[Short web captions]
————————
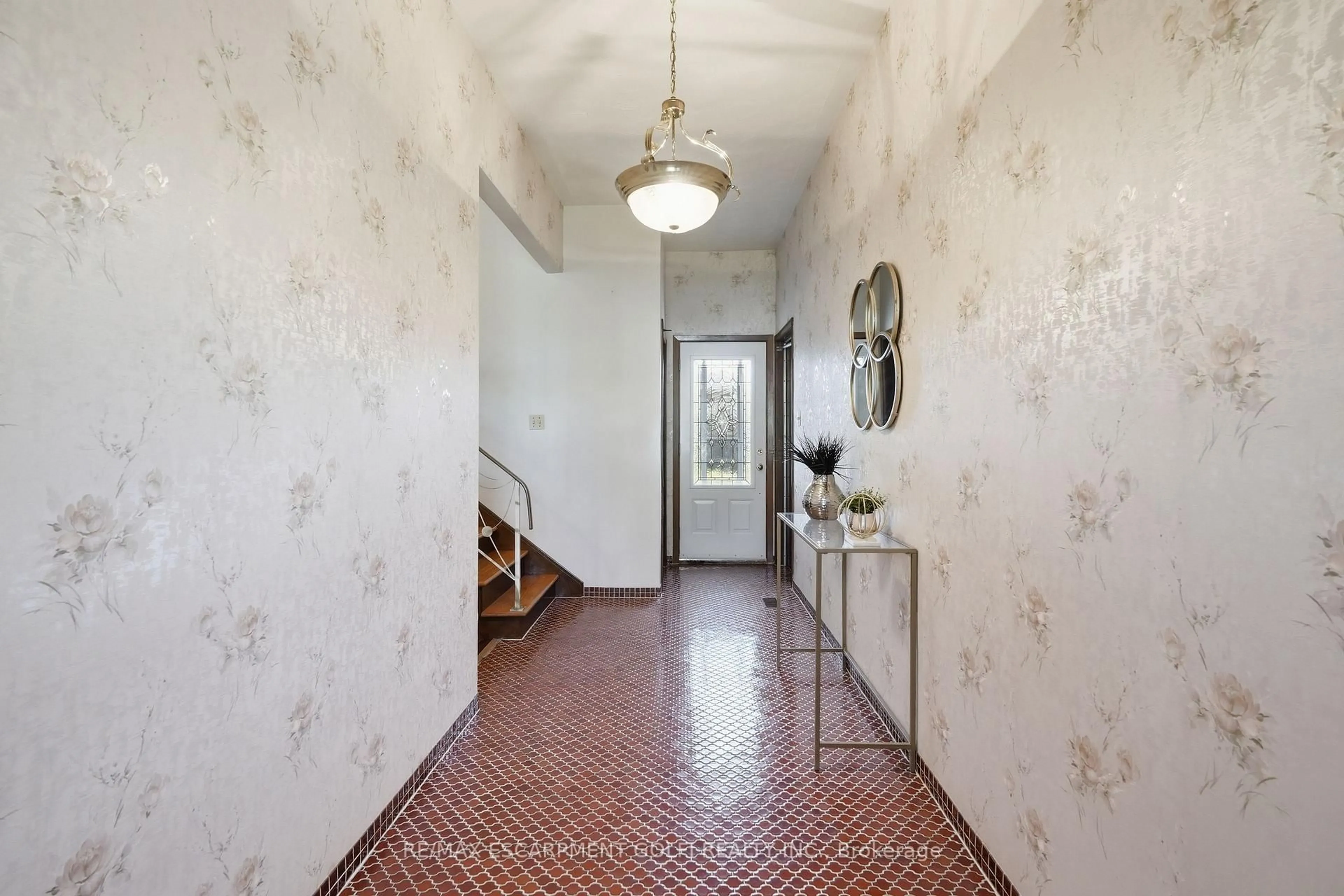 Indoor foyer for 64 EASTBURY Dr, Hamilton Ontario L8E 2V4
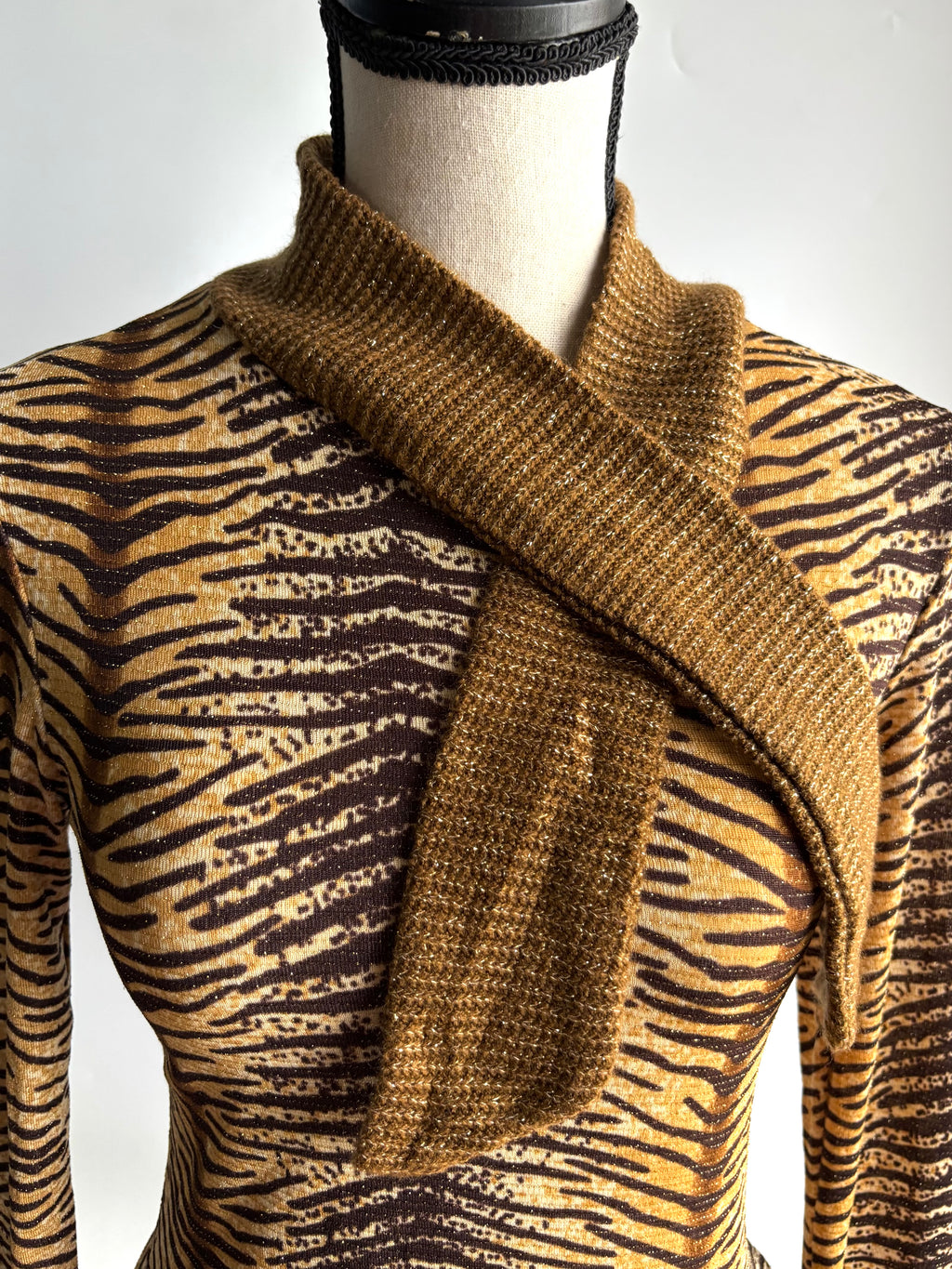 Y2k top with scarf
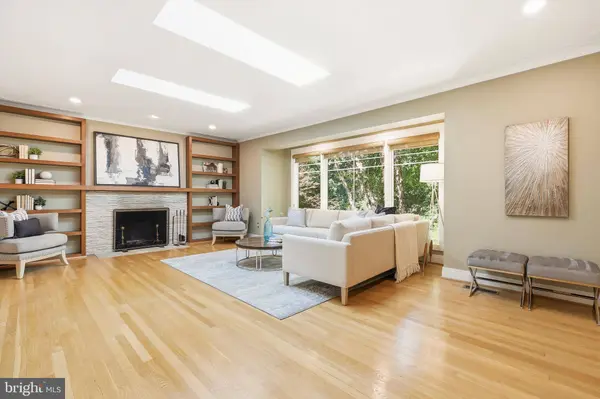 8226 WEST BEACH DR NW, Washington, DC 20012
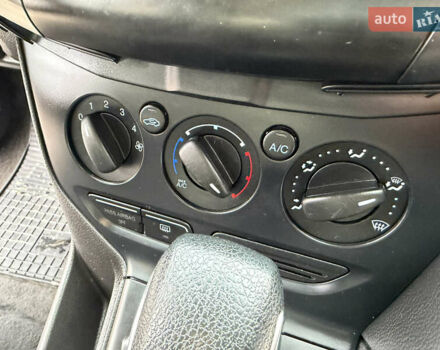 Черный Форд Фокус, объемом двигателя 2 л и пробегом 110 тыс. км за 5799 $, фото 14 на Automoto.ua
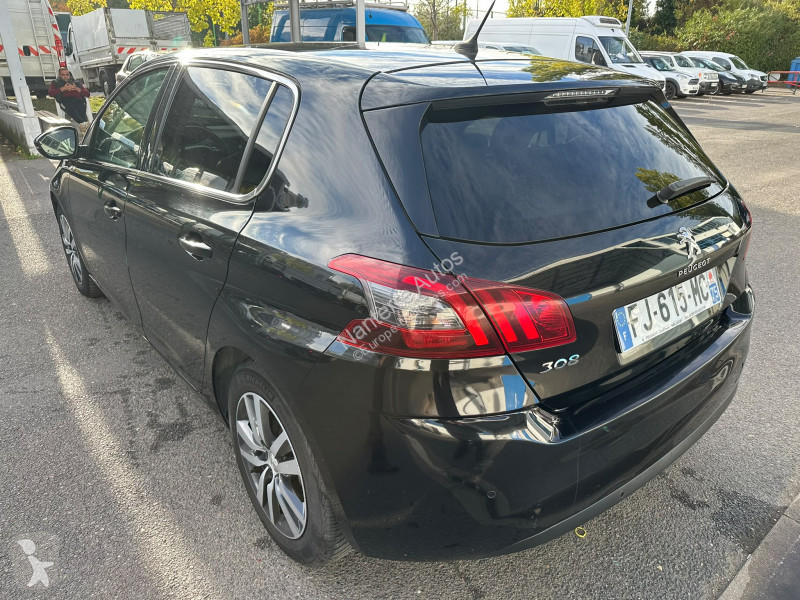 Véhicule utilitaire Peugeot 308 FULL OPTIONS...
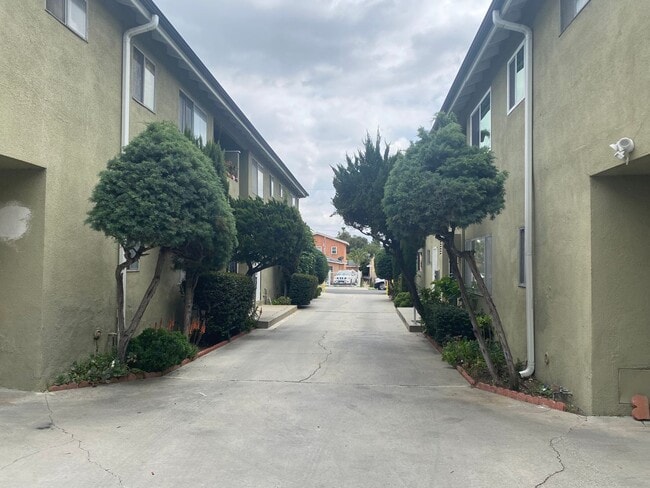 Photo - Lincoln, 5307-5309 Unidad 5307 #2
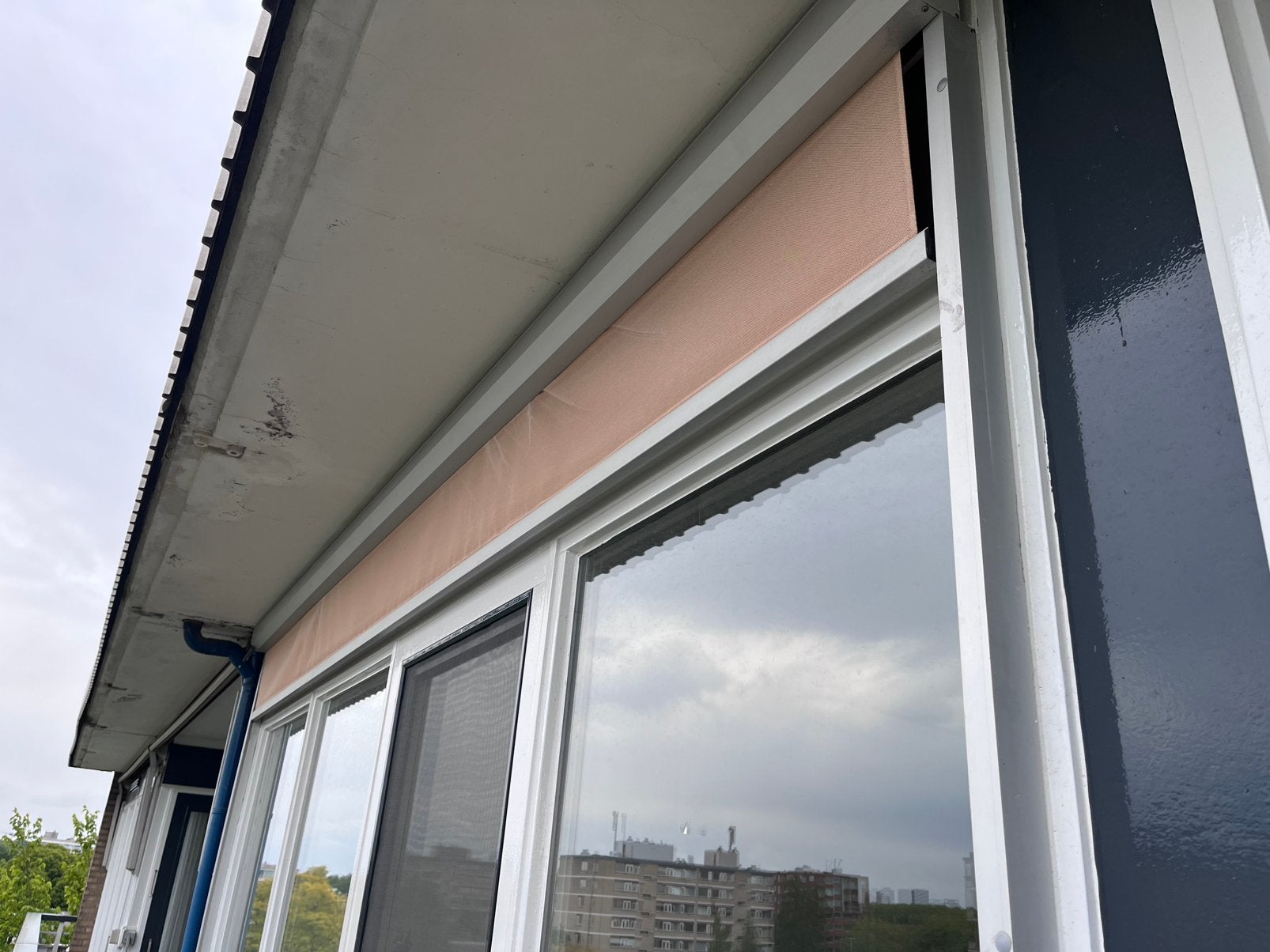 Oranje screen zonnescherm handmatig zonwering balkon, Tuin en Terras, Zonneschermen, 150 tot 300 cm, Ophalen, Zo goed als nieuw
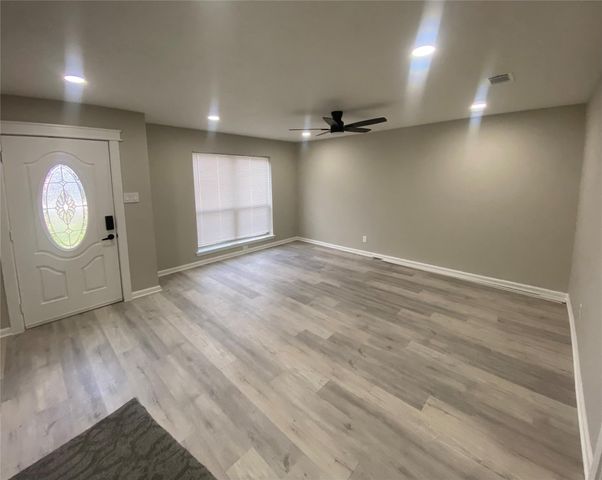 8212 Tavenor Lane, Houston, TX 77075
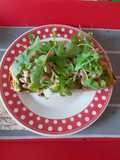 Easy healthy lunch: toast with avocado and shrimps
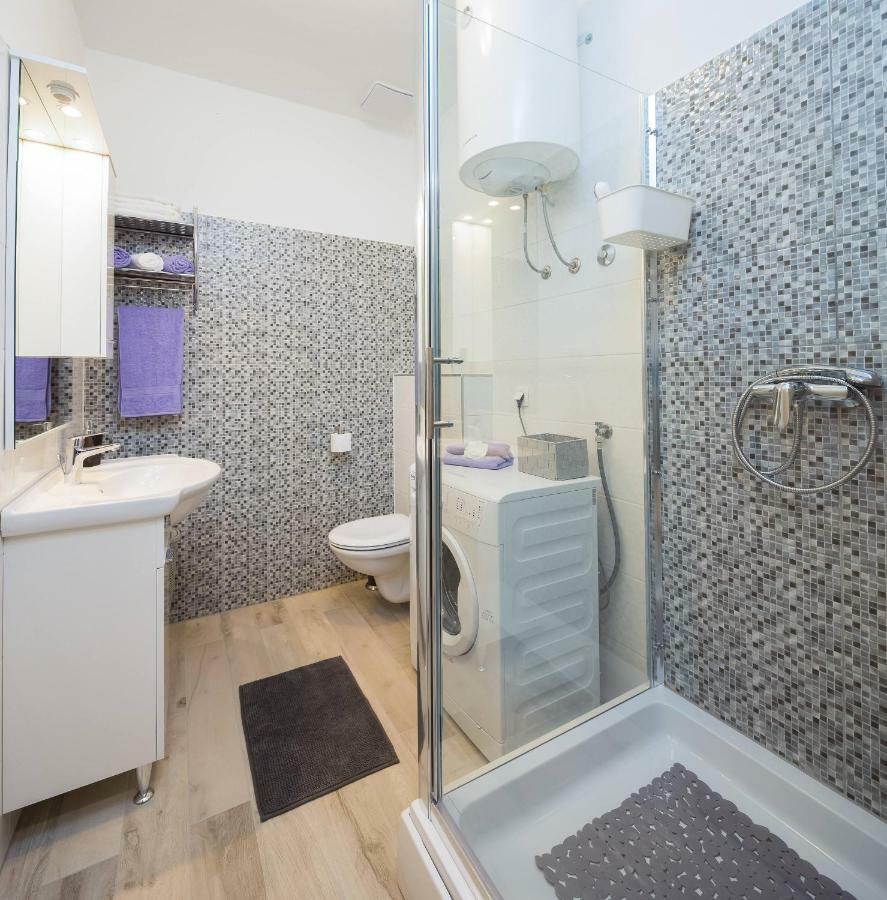 Apartmani Ujakovic Kaštela Exteriér fotografie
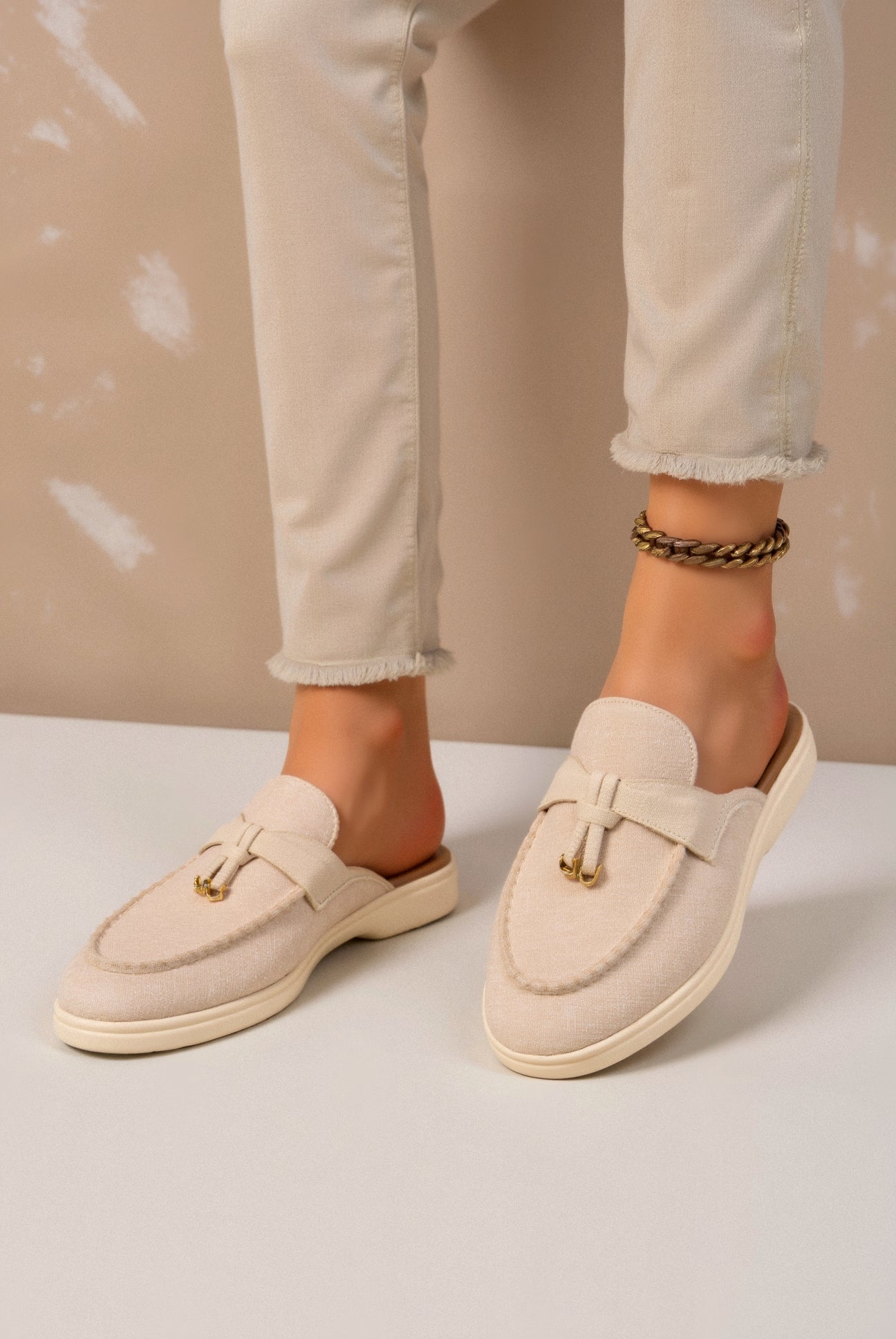 Flat Sandals Women with Solid Toe & Sequins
————————
[ABOUT THIS TASK]
Word for word, retype the lines from the one with "Черный Форд Фокус, объемом" through the final line of the data, both included. No pictures belong in the copy.

[WRITTEN RESPONSE]
 Черный Форд Фокус, объемом двигателя 2 л и пробегом 110 тыс. км за 5799 $, фото 14 на Automoto.ua
 Véhicule utilitaire Peugeot 308 FULL OPTIONS...
 Photo - Lincoln, 5307-5309 Unidad 5307 #2
 Oranje screen zonnescherm handmatig zonwering balkon, Tuin en Terras, Zonneschermen, 150 tot 300 cm, Ophalen, Zo goed als nieuw
 8212 Tavenor Lane, Houston, TX 77075
 Easy healthy lunch: toast with avocado and shrimps
 Apartmani Ujakovic Kaštela Exteriér fotografie
 Flat Sandals Women with Solid Toe & Sequins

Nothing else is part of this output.